Coming Week's Market Report by Alex Volkov, Market Analyst at VT Markets
Below the Quote on Coming Week's Market Report by Alex Volkov, Market Analyst at VT Markets
Last week, global financial markets saw a variety of movements, with US equity markets climbing thanks to strong earnings from tech giants like Tesla, Microsoft, and Alphabet.
These gains helped offset concerns from the US's lower-than-expected GDP growth for the first quarter of 2024 and higher inflation figures.
The US Durable Goods Orders showed a promising increase of 2.6% in March, exceeding analyst expectations. However, the US GDP growth did not meet the anticipated 2.5%, recording only a 1.6% increase quarter-over-quarter.
In Europe, the Eurozone Composite Flash PMI demonstrated its fastest growth in eleven months, reaching 51.4. Meanwhile, Australia's inflation cooled to 3.6% year-over-year in the first quarter, though this was still above what many had forecasted.

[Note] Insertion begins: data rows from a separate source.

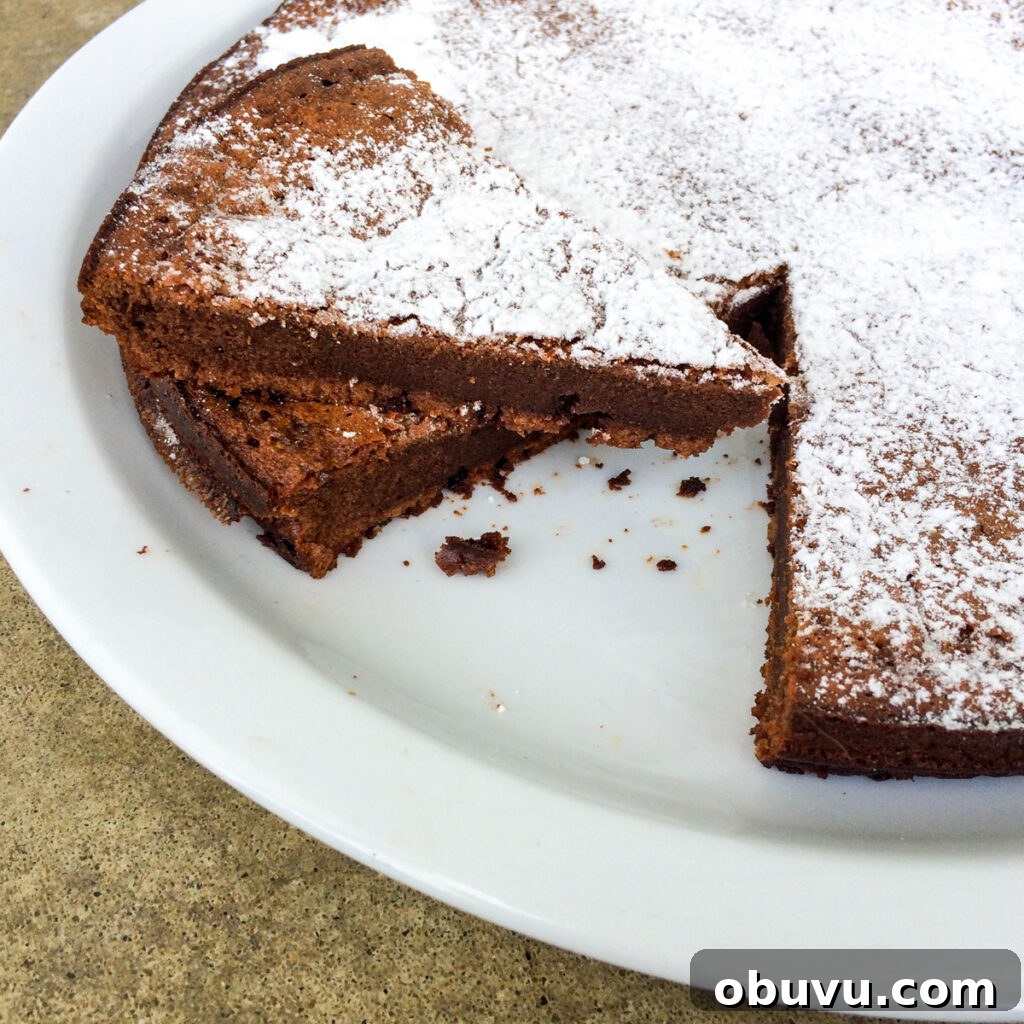 Two-Ingredient Flourless Nutella Cake Recipe 4 Two Ingredient Flourless Nutella Cake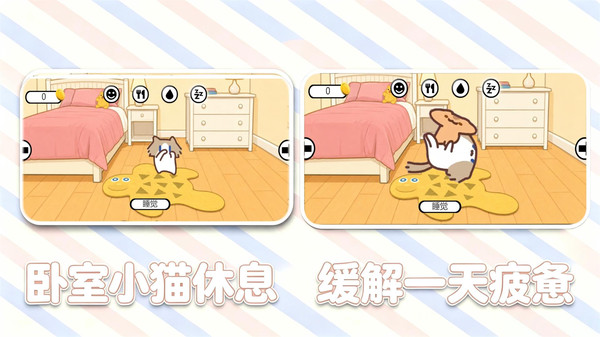会说话的小猫咪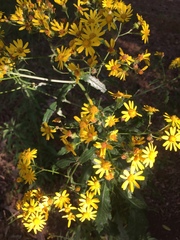 Senecio pterophorus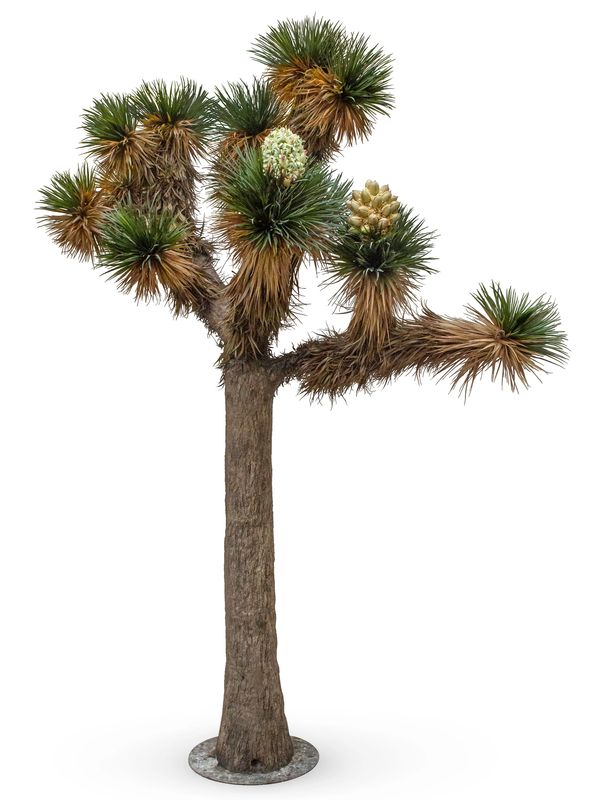 Joshua tree model for Zion National Park.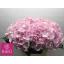 product/img.floraplaza.nl/LHORVER6-LIVE_fotos-0xC647A62A9278EAA7031DDE8CDBDAF69B48E0A86A.jpg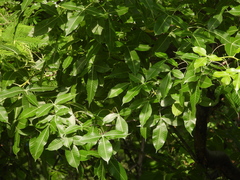 Bursera kerberi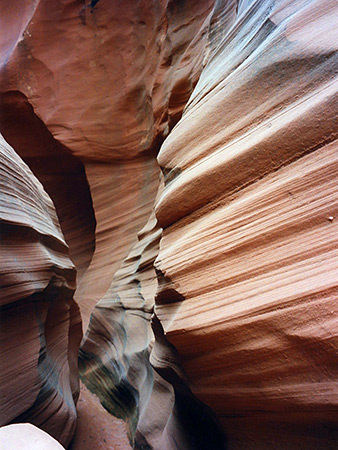 Photographs of Butterfly Canyon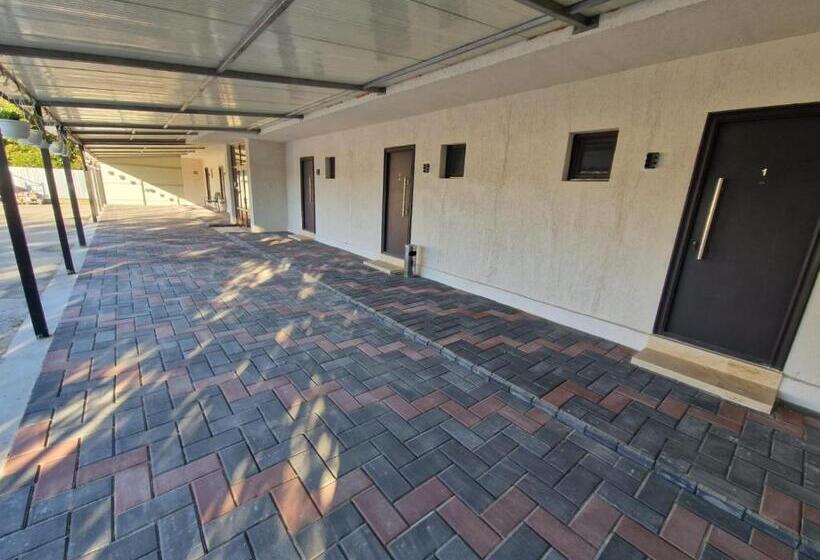 Номер Стандарт, Musatini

What Will Happen This Week?
In the upcoming week, several key economic events will unfold. China's manufacturing sector will be under the spotlight with the release of the NBS and Caixin Manufacturing PMIs, alongside first-quarter GDP data from Germany and the Eurozone. These indicators will provide insights into the pace of economic recovery in these regions, with particular attention on China's PMIs due to its global economic significance. Positive readings could bolster investor confidence, especially in manufacturing and export-dependent sectors, while contractions may raise concerns about global growth and supply chains. Additionally, the US will release its ISM Manufacturing PMI and JOLTS Job Openings, offering further clarity on the manufacturing sector and job market. Simultaneously, the Federal Open Market Committee (FOMC) will announce its interest rate decision, which is expected to remain unchanged amidst inflation worries. Any unexpected rate adjustments could impact the USD and stock prices accordingly. Finally, the US Non-Farm Payrolls data will be closely watched as an indicator of economic health, potentially influencing future Federal Reserve policy. Strong job growth may lead to monetary tightening, strengthening the USD and impacting bond yields, while weak growth could signal economic stagnation, affecting Treasury yields and the dollar. Market fluctuations are anticipated, with traders advised to closely monitor releases and central bank activities for insights into future monetary policies, particularly in the US.